The builder-seller of a home appeals from a judgment in favor of the purchasers for $2,150 for repairing pre-existing fire damage ($1,650) and certain other items ($500), for $500 “for inconvenience, deprivations and embarrassment,” for $750 attorney fees, and for expert fees. The seller concedes that the fire damage award was within the trial judge’s authority but by this appeal disputes all other items. Plaintiffs’ answer to the appeal seeks increase in attorney fees for both trial and appeal and interest prior to judicial demand.
We amend to eliminate the $500 award for inconvenience and we add $350 attorney fees for the appeal but otherwise affirm.
We do, however, award interest from trial court judgment rather than judicial demand because the costs on which quantum was fixed were costs as of trial time rather than as of judicial demand and all evidence is that costs increased at least 15% meanwhile. And we do award to the buyers attorney fees for the appeal.
Although the builder does not dispute the award for repairing the fire damage, we discuss it because of the dispute over attorney fees. Before plaintiffs saw the house, fire damage caused by vandals had been largely repaired. Some attic rafters and plywood, however, although smoke-stained or even lightly charred, were not replaced because their damage did not affect their structural strength, they were not visible from inside or outside the house, and the cost of replacing them seemed unjustifiable to the builder. (Even the court’s own expert, a builder of homes costing $200,000 to $500,000, would not replace a scorched ceiling joist because to do so would require reconstructing and repainting the entire room below it.) It was a wholly reasonable decision by the builder, and it could be said that these rafters, in an invisible area, so slightly scorched that they remained structurally sound, do not constitute a “defect” any more than a dirty rafter would. Nevertheless the unavoidably implied representation upon the sale of a house as newly-constructed is that it is constructed of all new and undamaged materials. Thus the builder who, howsoever reasonably, elects to retain damaged materials, after the house suffers some casualty during its building, has the obligation to reveal that *414fact to the buyer in order to avoid misrepresenting the quality of the house and consequent liability to redhibition or reduction in price under La.C.C. 2547:
A declaration made by the seller, that the thing sold possesses some quality which he knows it does not possess, comes within the definition of fraud, and ought to be judged according to the rules laid down on the subject, under the title: Of Conventional Obligations.

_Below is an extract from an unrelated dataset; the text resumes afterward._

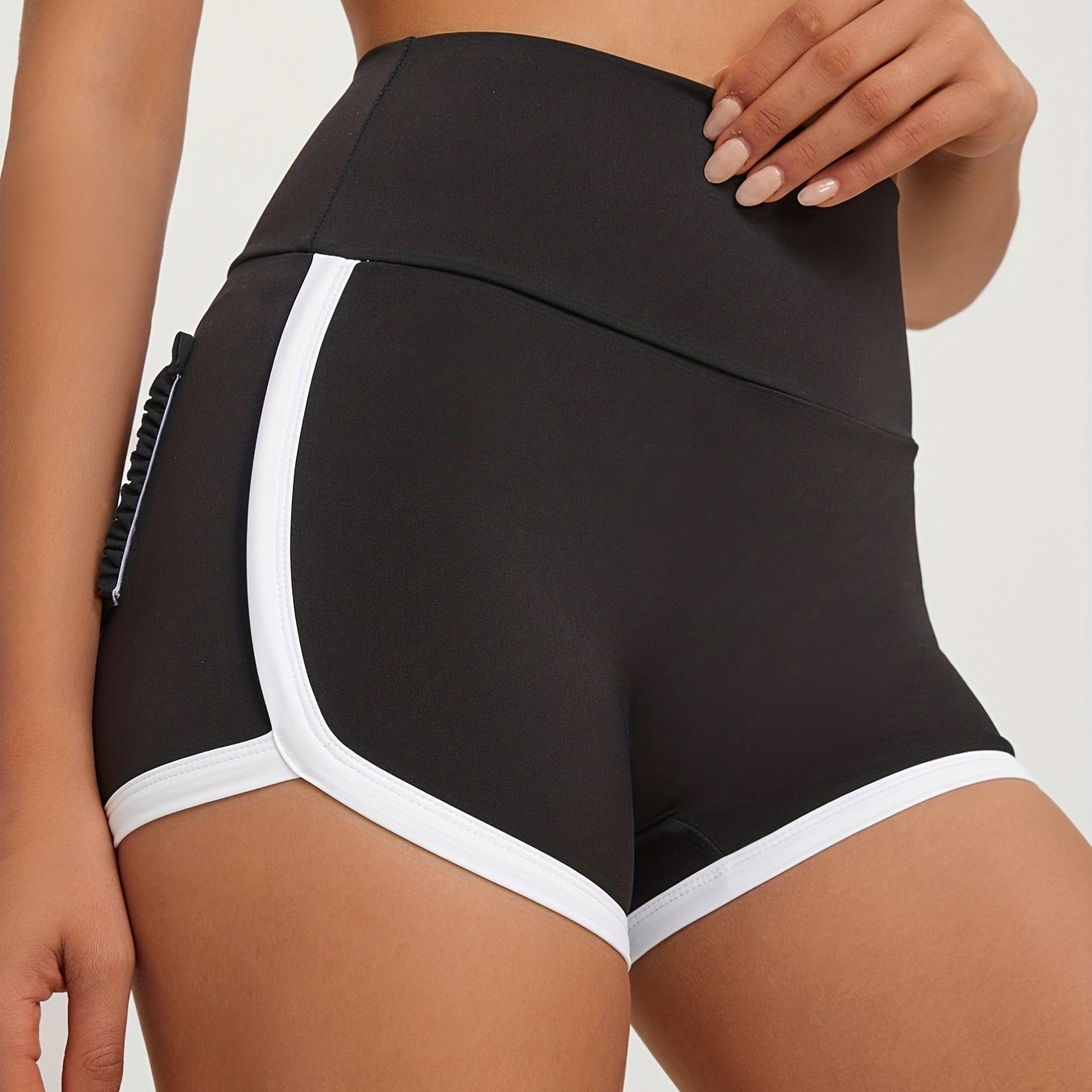 Contrast Trim Sports Short High Waist Stretchy Slim Fit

It may, according to the circumstances, give rise to the redhibition, or to a reduction of price, and to damages, including reasonable attorneys’ fees, in favor of the buyer.
(See also arts. 2520 and 2542.)
In fairness to defendant we note that its president instructed its sales agent to inform buyers of the fire, and we repeat that the house was not defective, either in structure or in appearance. But we must conclude that, through failure to communicate the fact of the unrepaired fire damage to the purchasers, defendant represented the house as all-new and all-undamaged. That incorrect representation supports plaintiffs’ demand for a reduction in.price and for attorney fees.
Defendant’s principal argument against attorney fees is that plaintiffs refused to allow defendant to make the repairs and were so unreasonable in their demands that settlement was impossible. But defendant did not offer, or offer to pay for, the replacement-type repair the trial court correctly concluded should be made. And, while plaintiffs’ demands may have been overstated, defendant did not show that its offer should have been accepted by plaintiffs (because the equal of the court’s award), thus saving plaintiffs the litigation expense. The same reasoning applies to the expert fees actually fixed by the trial judge (although a litigant is not entitled to the expert fees chargeable to any unsuccessful portion of its claim).
The $500 included in the trial judge’s calculation for other items in addition to the conceded fire damages is an amount between the two experts’ figures. Defendant complains that a medium-priced house should not be judged by the exacting standards of workmanship of a very-high-priced house. We can agree with that principle, but it does not prevent an award for repairing a wall that is “severely out of alignment” or “severely buckled” (as one expert reported) even if the price of the house would require tolerance of slight nonalignment or buckling. Similarly the drain spouts, improperly aimed so that water could splash against the brick veneer, cannot be refused relocation on the ground that the house is not an expensive one. The same is true of the cracked driveway, the fire-damaged closet shelf and the too-short toeboard for the bath vanity.
Finally, we agree with defendant’s argument that $500 “for inconvenience, deprivation and embarrassment” is prohibited by Ostrowe v. Darensbourg, La.1980, 377 So.2d 1201. The measure of price reduction for defects or absence of declared qualities coincides with the cost of repair or of providing the declared qualities. See Lemonier v. Coco, 1959, 237 La. 760, 112 So.2d 436. We could agree that a knowledgeable purchaser would not have agreed to reduce the price by only the cost of repair, but we believe that the cases discussed in Lemonier limit recovery to actual cost.
Amended to eliminate $500 of principal award and to make interest on that award run from July 3,1979, and to increase attorney fees by $350; costs of this appeal to be equally divided.